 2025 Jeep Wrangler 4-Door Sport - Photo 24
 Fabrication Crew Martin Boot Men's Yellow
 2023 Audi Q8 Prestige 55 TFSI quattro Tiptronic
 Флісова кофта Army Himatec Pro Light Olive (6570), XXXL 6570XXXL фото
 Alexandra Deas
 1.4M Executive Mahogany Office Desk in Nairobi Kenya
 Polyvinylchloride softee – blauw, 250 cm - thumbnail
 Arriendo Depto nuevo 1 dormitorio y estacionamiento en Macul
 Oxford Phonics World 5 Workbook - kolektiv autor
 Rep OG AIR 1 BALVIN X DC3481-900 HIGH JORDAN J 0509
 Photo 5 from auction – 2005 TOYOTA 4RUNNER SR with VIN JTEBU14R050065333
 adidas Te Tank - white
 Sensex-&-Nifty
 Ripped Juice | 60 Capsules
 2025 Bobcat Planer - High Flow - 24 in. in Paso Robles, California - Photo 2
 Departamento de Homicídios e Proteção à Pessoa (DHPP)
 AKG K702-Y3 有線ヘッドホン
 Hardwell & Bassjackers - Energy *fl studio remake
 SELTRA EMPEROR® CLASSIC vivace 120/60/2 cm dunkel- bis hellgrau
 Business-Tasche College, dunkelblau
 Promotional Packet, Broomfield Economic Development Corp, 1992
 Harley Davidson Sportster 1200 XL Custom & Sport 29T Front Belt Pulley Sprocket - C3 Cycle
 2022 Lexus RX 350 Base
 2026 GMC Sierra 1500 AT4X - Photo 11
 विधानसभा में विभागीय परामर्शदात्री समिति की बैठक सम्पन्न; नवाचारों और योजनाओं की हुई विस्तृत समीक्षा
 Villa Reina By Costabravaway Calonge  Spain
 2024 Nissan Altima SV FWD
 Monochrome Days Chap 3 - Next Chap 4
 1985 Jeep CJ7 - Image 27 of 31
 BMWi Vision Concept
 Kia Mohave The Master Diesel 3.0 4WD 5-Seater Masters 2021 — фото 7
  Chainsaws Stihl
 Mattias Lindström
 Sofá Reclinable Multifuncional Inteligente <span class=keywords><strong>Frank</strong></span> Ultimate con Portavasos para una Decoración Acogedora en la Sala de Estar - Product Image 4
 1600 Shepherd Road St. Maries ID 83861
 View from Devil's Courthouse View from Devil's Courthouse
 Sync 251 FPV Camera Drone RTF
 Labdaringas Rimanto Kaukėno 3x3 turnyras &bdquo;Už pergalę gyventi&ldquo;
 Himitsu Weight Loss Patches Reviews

__Exercise goal__
Return a word-for-word copy of the lines from the beginning of the listing to the line holding "Mattias Lindström", both kept.

__Your response__
 2025 Jeep Wrangler 4-Door Sport - Photo 24
 Fabrication Crew Martin Boot Men's Yellow
 2023 Audi Q8 Prestige 55 TFSI quattro Tiptronic
 Флісова кофта Army Himatec Pro Light Olive (6570), XXXL 6570XXXL фото
 Alexandra Deas
 1.4M Executive Mahogany Office Desk in Nairobi Kenya
 Polyvinylchloride softee – blauw, 250 cm - thumbnail
 Arriendo Depto nuevo 1 dormitorio y estacionamiento en Macul
 Oxford Phonics World 5 Workbook - kolektiv autor
 Rep OG AIR 1 BALVIN X DC3481-900 HIGH JORDAN J 0509
 Photo 5 from auction – 2005 TOYOTA 4RUNNER SR with VIN JTEBU14R050065333
 adidas Te Tank - white
 Sensex-&-Nifty
 Ripped Juice | 60 Capsules
 2025 Bobcat Planer - High Flow - 24 in. in Paso Robles, California - Photo 2
 Departamento de Homicídios e Proteção à Pessoa (DHPP)
 AKG K702-Y3 有線ヘッドホン
 Hardwell & Bassjackers - Energy *fl studio remake
 SELTRA EMPEROR® CLASSIC vivace 120/60/2 cm dunkel- bis hellgrau
 Business-Tasche College, dunkelblau
 Promotional Packet, Broomfield Economic Development Corp, 1992
 Harley Davidson Sportster 1200 XL Custom & Sport 29T Front Belt Pulley Sprocket - C3 Cycle
 2022 Lexus RX 350 Base
 2026 GMC Sierra 1500 AT4X - Photo 11
 विधानसभा में विभागीय परामर्शदात्री समिति की बैठक सम्पन्न; नवाचारों और योजनाओं की हुई विस्तृत समीक्षा
 Villa Reina By Costabravaway Calonge  Spain
 2024 Nissan Altima SV FWD
 Monochrome Days Chap 3 - Next Chap 4
 1985 Jeep CJ7 - Image 27 of 31
 BMWi Vision Concept
 Kia Mohave The Master Diesel 3.0 4WD 5-Seater Masters 2021 — фото 7
  Chainsaws Stihl
 Mattias Lindström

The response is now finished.